Given the opportunity, No Labels fails to substantively rebut any of Shiner's reporting. Instead, for her trouble, the organization brands her a cynic -- or more accurately, a victim of cynicism -- which is precisely the sort of thing that Harold Hill would say to someone who is suspicious of trombone-based solutions to everything. (Shiner is a guts-and-glory Chicago White Sox fan, so the "cynicism" charge is pretty laughable.)

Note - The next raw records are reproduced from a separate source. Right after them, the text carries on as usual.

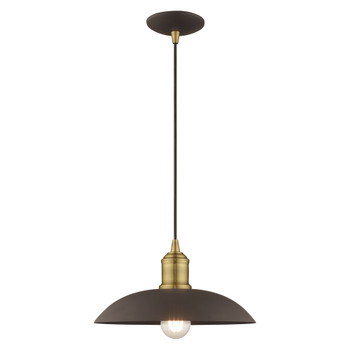 Livex Lighting 1 Lt Bronze Mini Pendant - 41193-07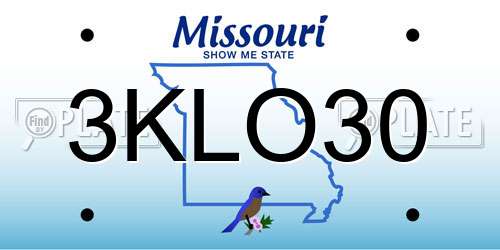 3KLO30 Missouri License Plate
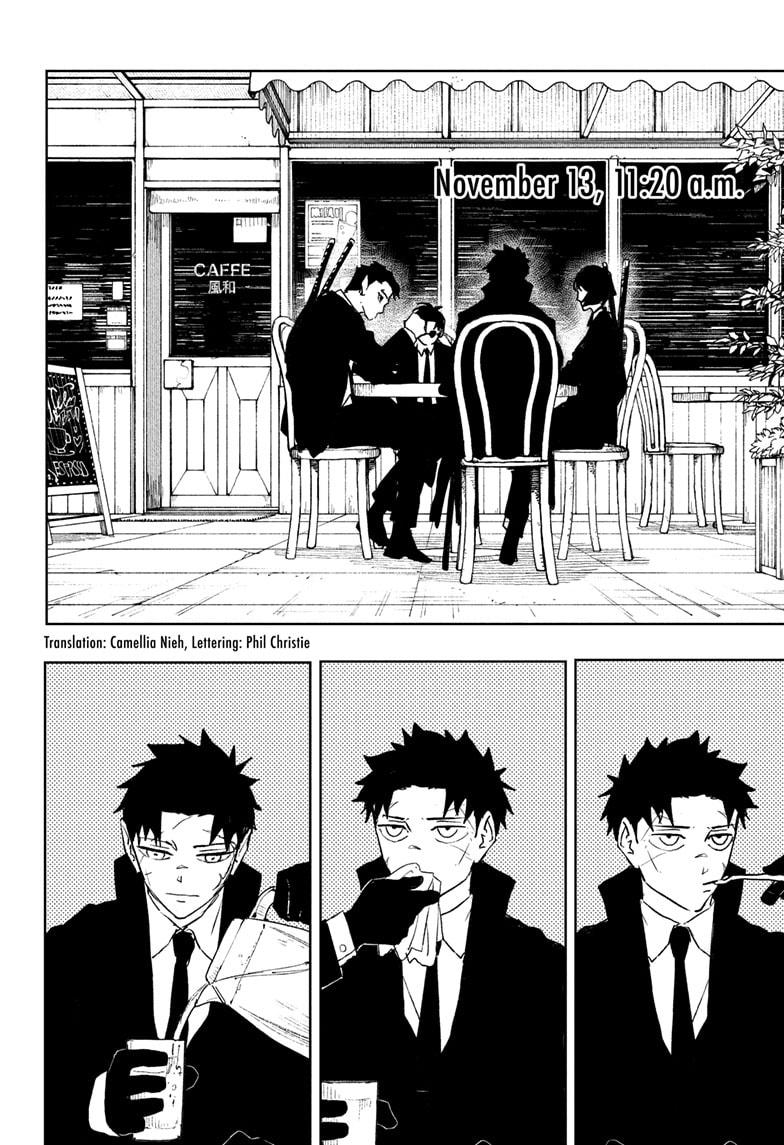 Kagurabachi Manga Chapter 61 page 2 - Night Battle scene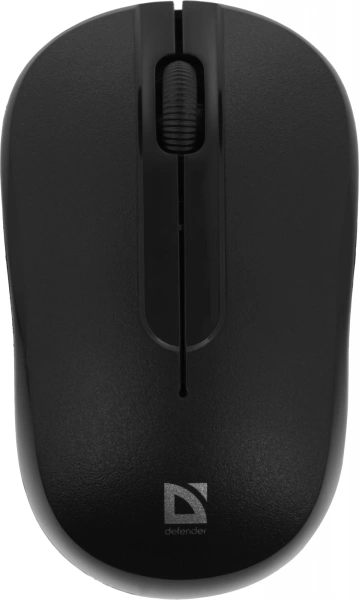 Мышь Defender Hit MM-495 черный оптическая 1600dpi беспров. USB для ноутбука 2but (52495)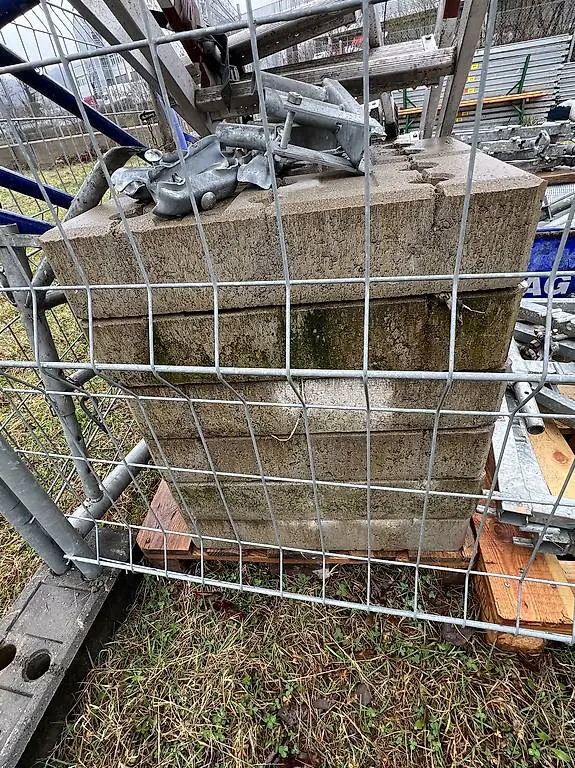 Bauzaun 35 Stück Inklusive 40 Betonsockel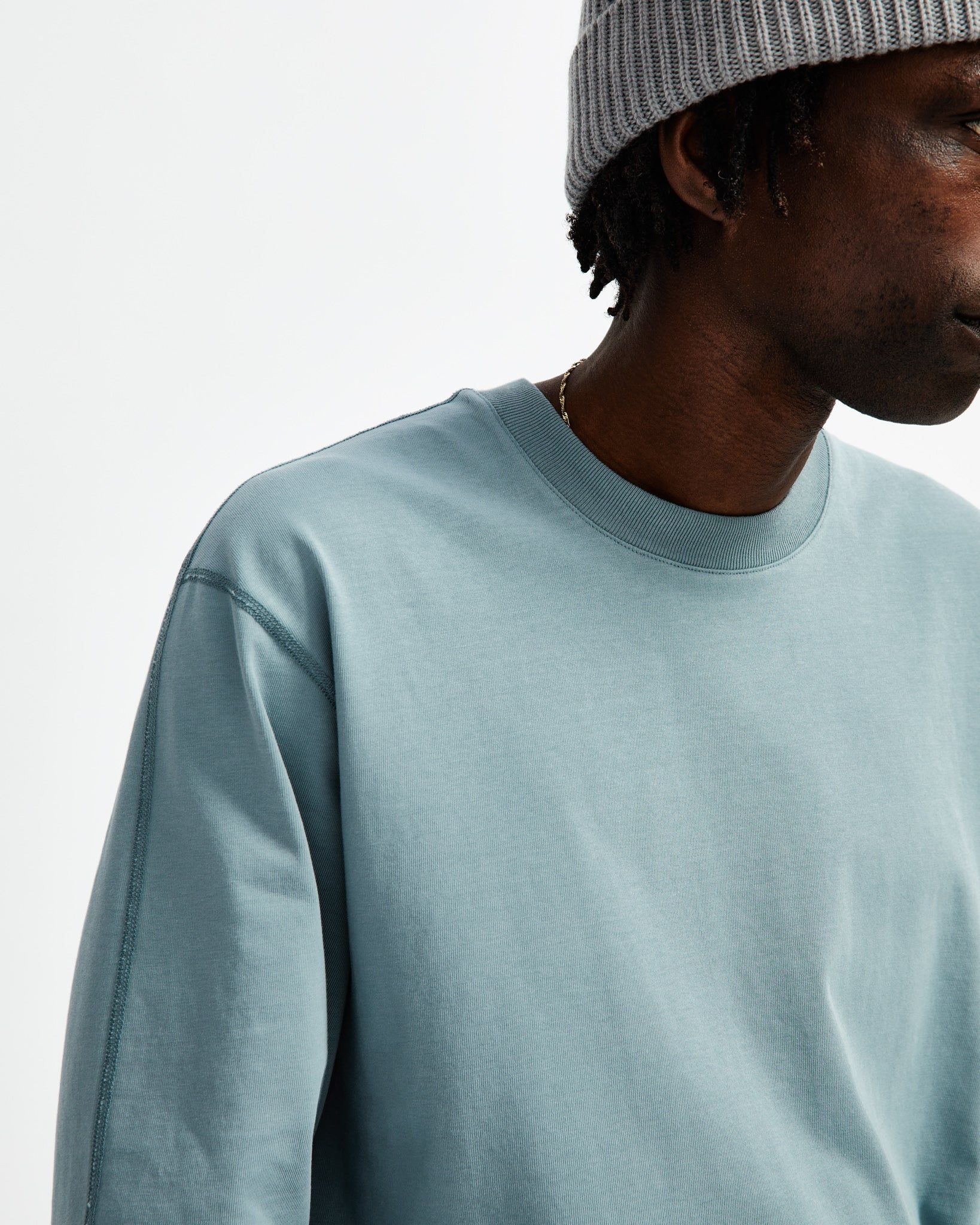 Midweight Jersey Long Sleeve sold by Reigning Champ product image thumbnail 4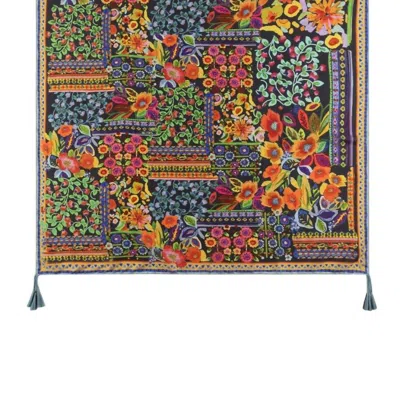 Johnny Was Brush Painted Silk Scarf In Multi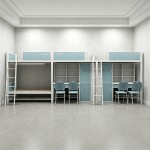 沃德WD-190款三连体四人位外挂梯公寓床-缩略图1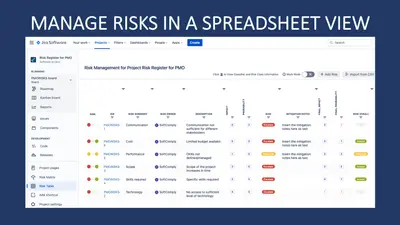 SoftComply Risk Manager for Basic Product Risk Management — Atlassian plugin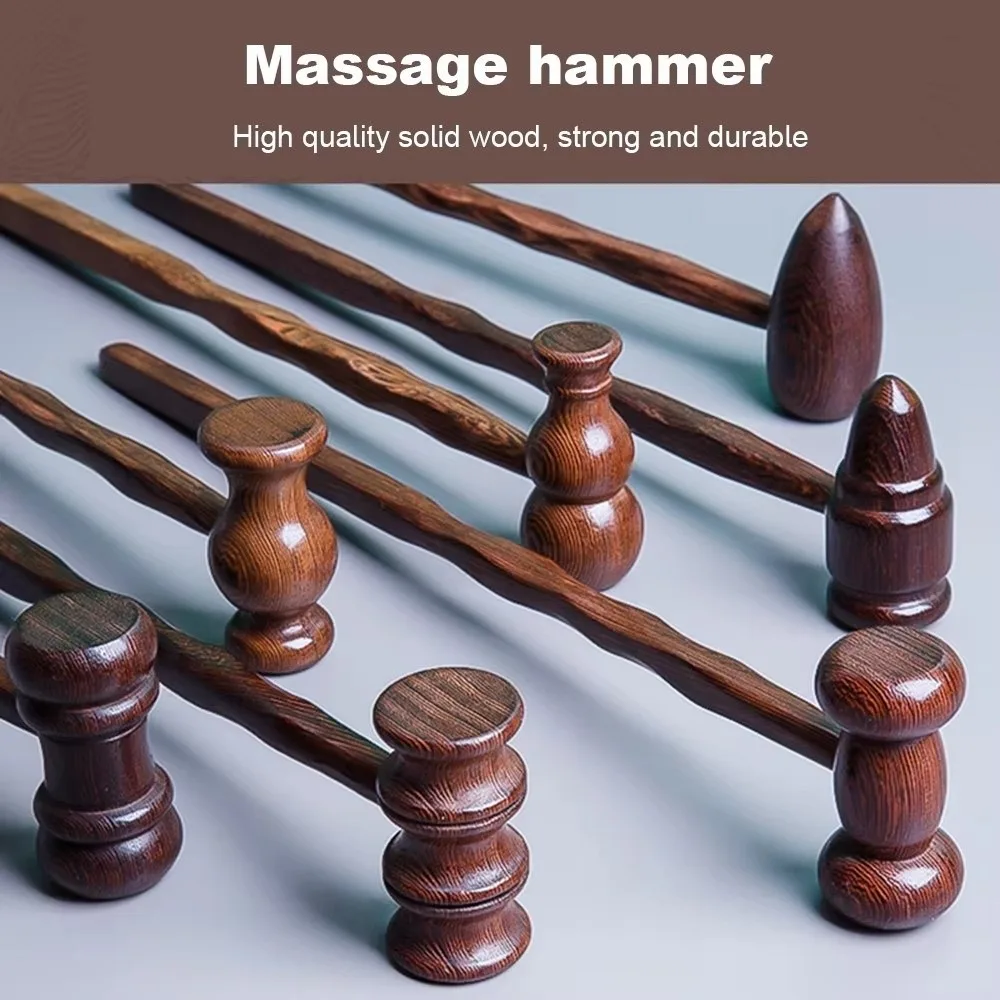 

Ergonomic Gourd Shape Wooden Massage Hammer Acupressure Massage Tool Back Massage Hammer Muscle Relief Roller Ball Hammer Back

Nevertheless, it's kind of hard not to be cynical about No Labels as an institution. This is a group that routinely passes on taking a material stand on anything -- up to and including issues of great importance to its most prominent members and founders -- in favor of pushing for silly junk like "bipartisan seating." A December 2013 Boston Globe report on the organization found that it had been "unable to advance, in any meaningful way, a single item from its relatively modest list of goals." As near as I can tell, its last great idea was to have an occasional radio show. (If you've heard it, let me know.)

Flash-forward to Shiner's report last week, and here's how the group is spending its money this year:

So basically No Labels is hard at work doing press for No Labels, doing outreach for No Labels, doing branding for No Labels, running No Labels, paying No Labels' administrative costs, doing something called "digital growth," and also something called "Pop." The outward-facing, change-making activity would be the sliver of spending labeled "Congressional relations" and another ideas festival that the world needs like it needs another inexplicable hole in Siberia.

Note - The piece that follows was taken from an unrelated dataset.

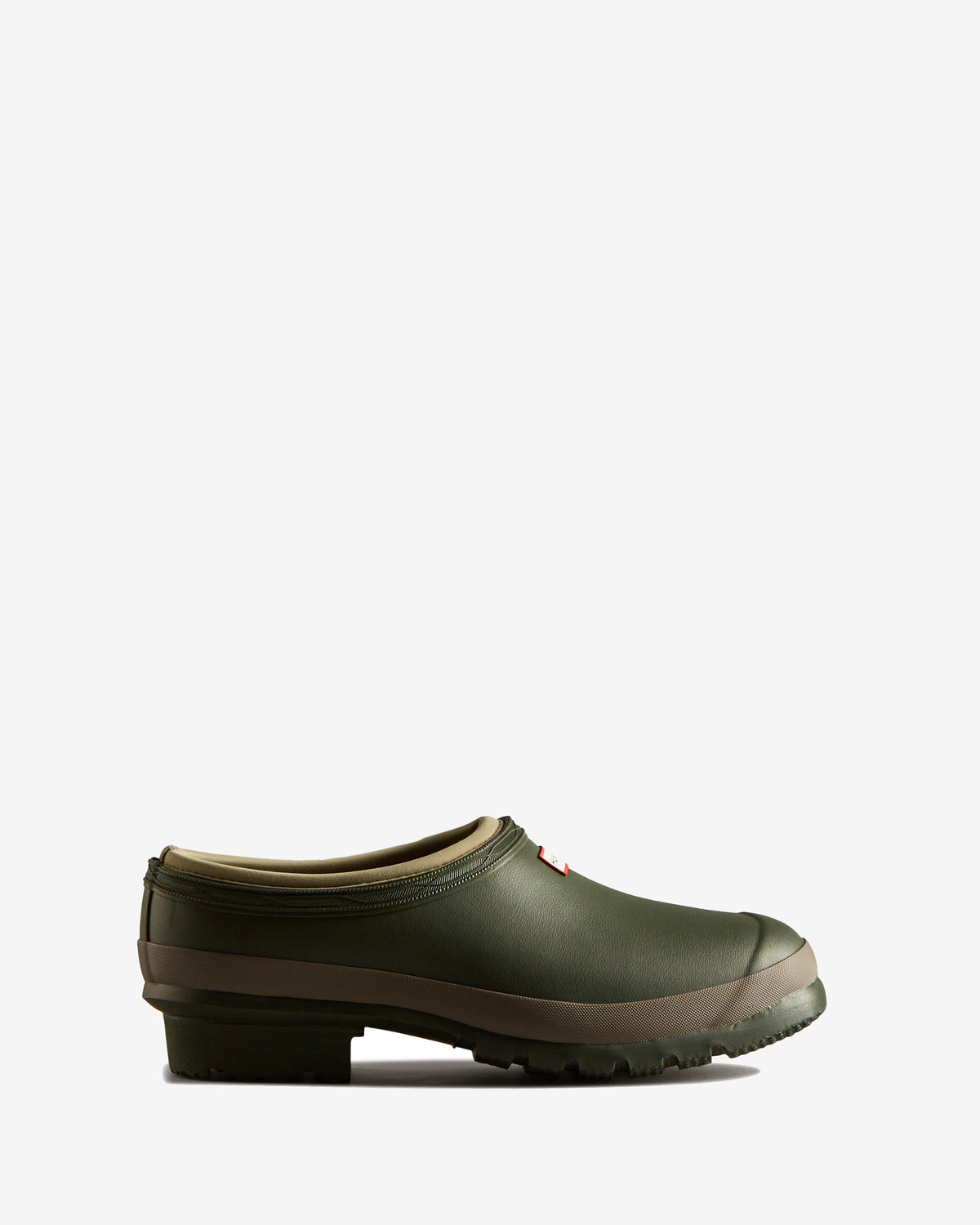 Men's Dark Olive Gardener Neoprene Lined Clogs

Going forward, the organization tells Shiner, it is "more focused on the 2016 presidential race than the 2014 midterm elections." Considering that this is a group that thinks everyone in Congress needs to work harder at being BFFs with each other, this is a pretty strange thing on which to be fixated.

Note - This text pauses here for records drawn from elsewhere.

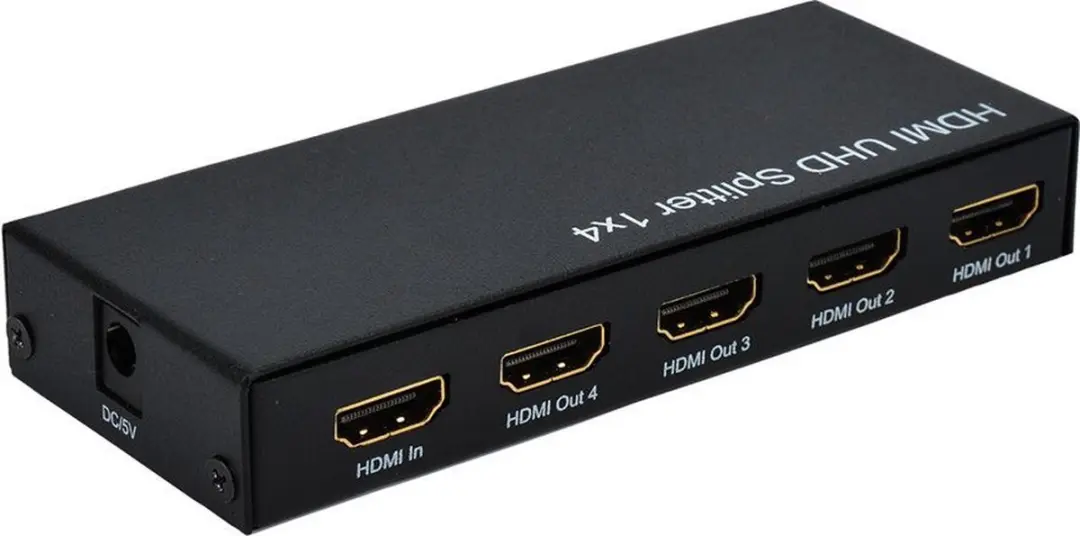 Roline 4K HDMI Video-Splitter 4-voudig - Zwart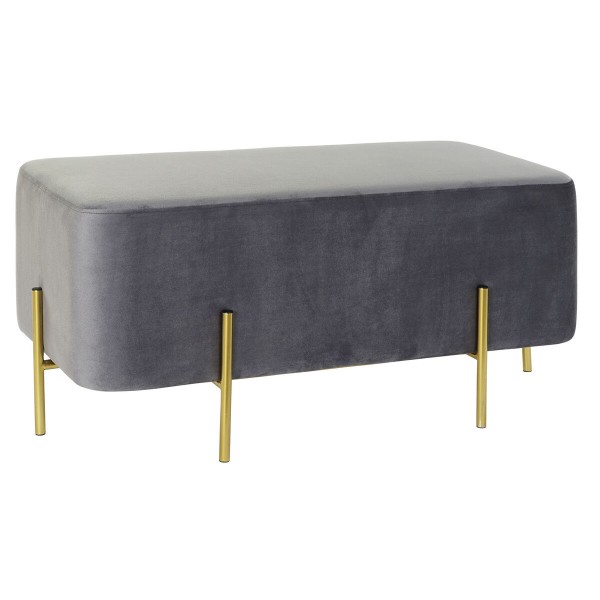 Σκαμπό DKD Home Decor   Γκρι Χρυσό Μέταλλο πολυεστέρας Βελούδο (91 x 46,5 x 42 cm)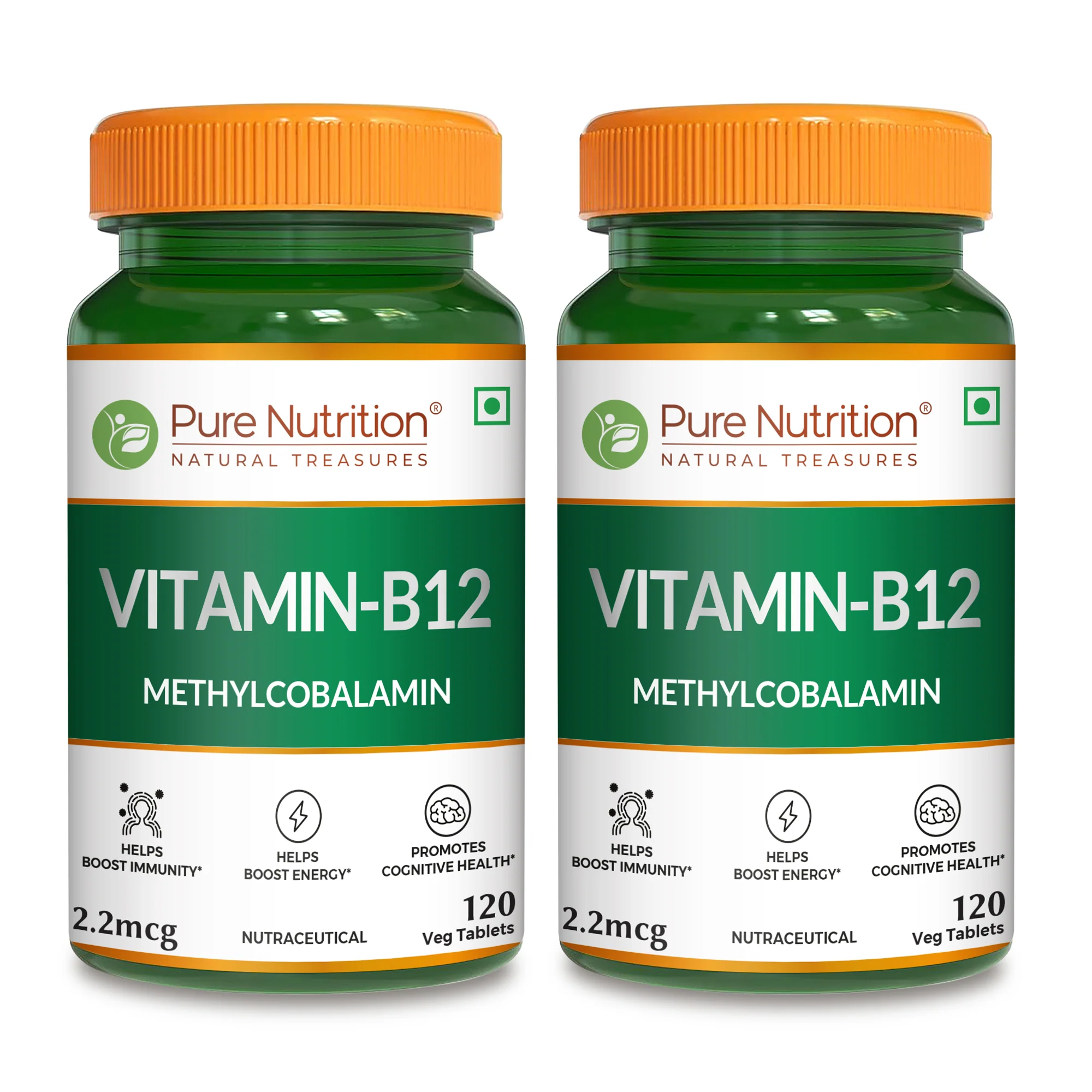 Vitamin B12 from Methylcobalamin - 120 Vegetarian Tablets | Supports Energy and Overall Wellness for Men and Women - Image 7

But Shiner's coup de grace is her description of the dust-up that occurred after No Labels anointed Rep. Cory Gardner (R-Colo.), who is currently challenging incumbent Sen. Mark Udall for his Senate seat, a No Labels "Problem Solver." This in turn put the Senate Democratic caucus in high dudgeon. (That any Senate Democrat even cared about this, by the way, is not a good look for them.)

Per Shiner, No Labels responded to this contretemps by assuring everyone that its "problem solver" designation was completely meaningless:

While a group spokesperson told a local Denver Fox affiliate that the "seal" is an "implied endorsement," No Labels co-founder Mark McKinnon, a former George W. Bush and John McCain strategist, said that anyone -- even Udall -- would be eligible for such a seal were they join the group [sic].

The "Problem Solver Seals" granted by No Labels to lawmakers require nothing of those members from a policy perspective, aside from agreeing to be part of No Labels, and to attend meetings with other No Labels members to discuss broad principles of bipartisanship. To be a member of No Labels, a politician needs to pledge to not take any pledge but the oath of office and the Pledge of Allegiance.

Some guy named Bill Galston goes on to explain that the only requirement to remain a "Problem Solver" is to attend some meetings. So it's kind of like Foursquare, in that if you go to your local bar often enough, you become "mayor" of your local bar.

And that's No Labels in a nutshell: an army of "problem solvers" who haven't solved any problems, but you're the cynic.